╭─ Data to use
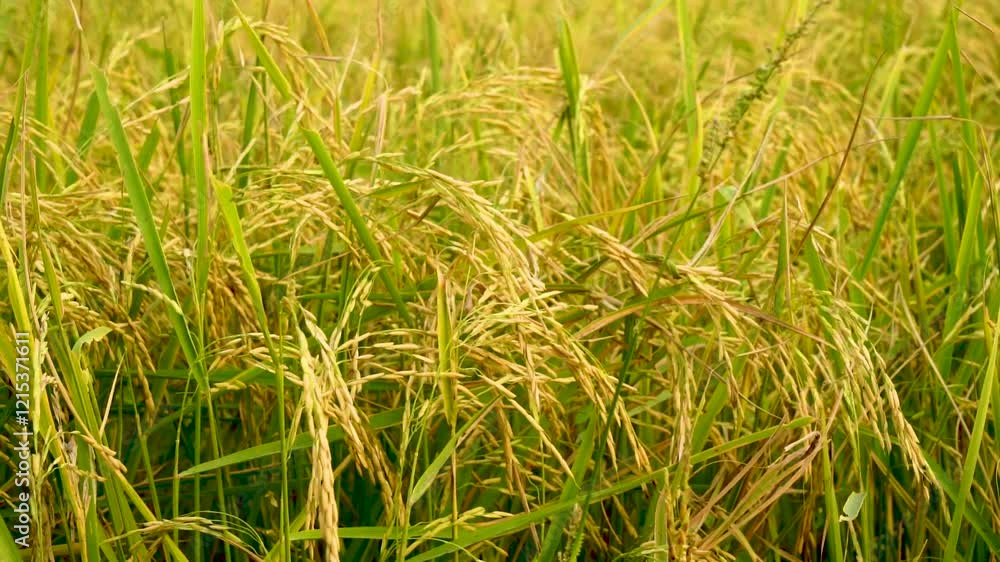 Slow motion shot of rice paddy. Close up shot of paddy field of Punjab, Pakistan Slow motion shot of rice paddy. Close up shot of paddy field of Punjab, Pakistan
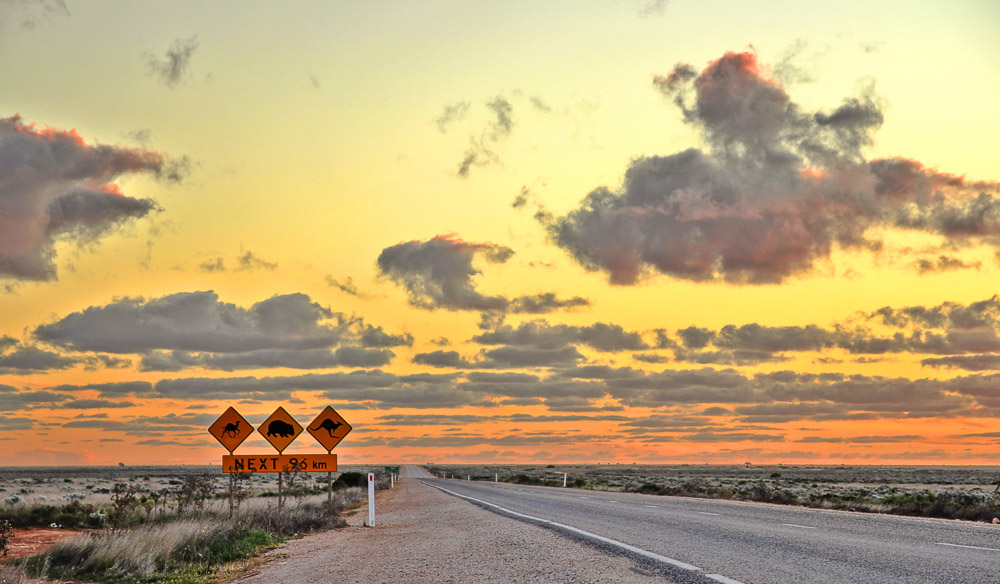 Australia greatest road trips driving holidays Nullarbor Plain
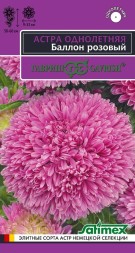 Астра Баллон Розовый шаровидная (Гавриш)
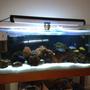 250 gallons freshwater fish tank (mostly fish and non-living decorations) - mY sICK TANK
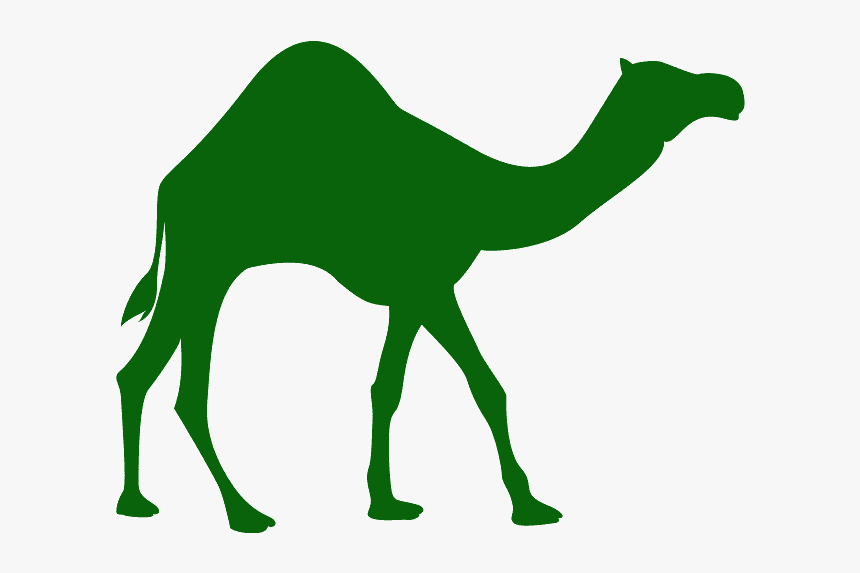 Arabian Camel, HD Png Download, Free Download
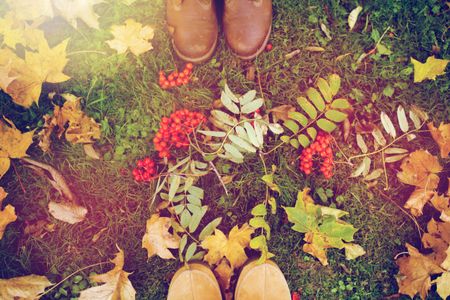 Autumn Walk Adventures — 300-piece jigsaw puzzle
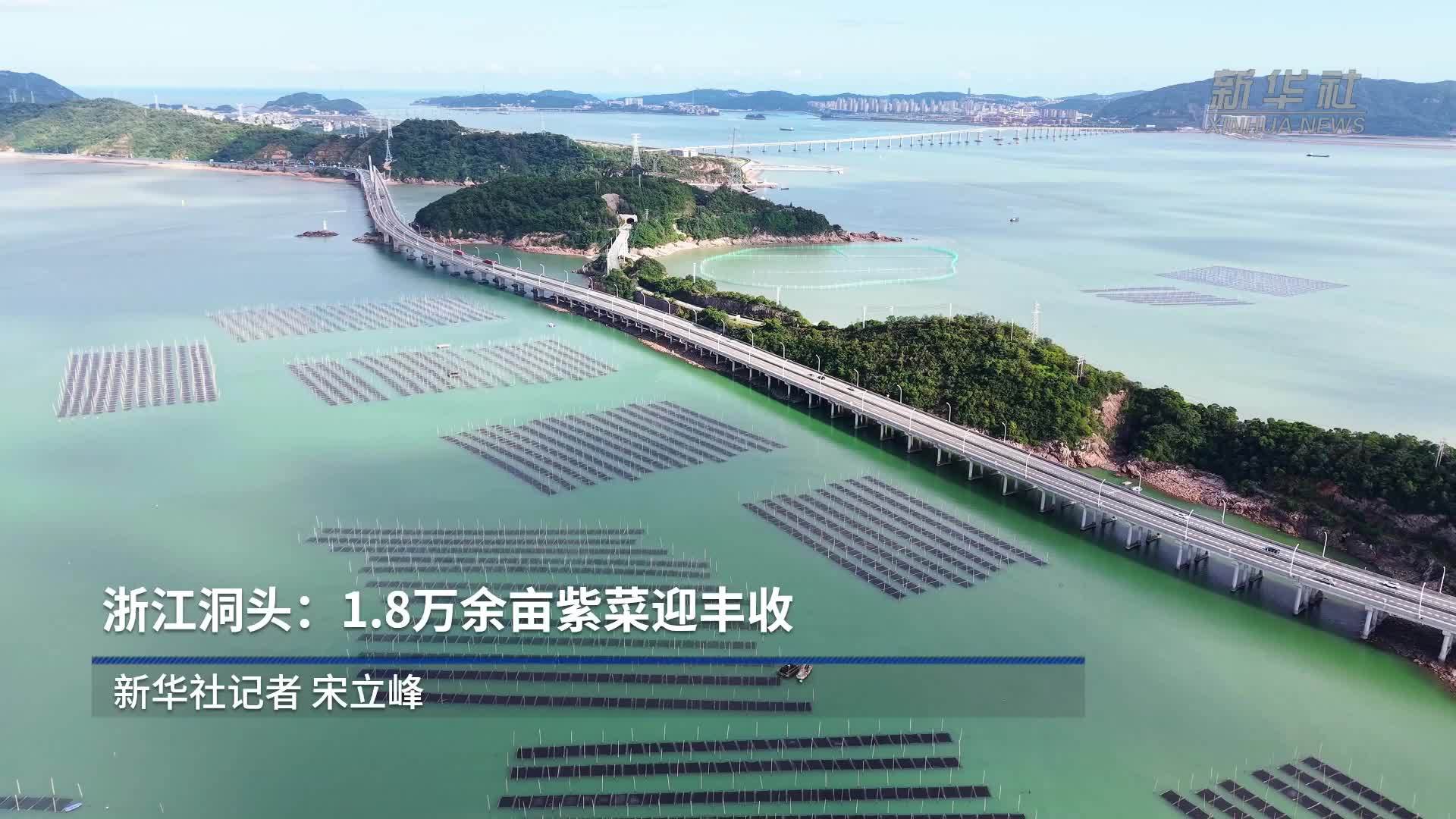 浙江洞头：1.8万余亩紫菜迎丰收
╰─
Your task. The records above must be repeated in full and exactly, but without any of the pictures.

Response below.
 Slow motion shot of rice paddy. Close up shot of paddy field of Punjab, Pakistan Slow motion shot of rice paddy. Close up shot of paddy field of Punjab, Pakistan
 Australia greatest road trips driving holidays Nullarbor Plain
 Астра Баллон Розовый шаровидная (Гавриш)
 250 gallons freshwater fish tank (mostly fish and non-living decorations) - mY sICK TANK
 Arabian Camel, HD Png Download, Free Download
 Autumn Walk Adventures — 300-piece jigsaw puzzle
 浙江洞头：1.8万余亩紫菜迎丰收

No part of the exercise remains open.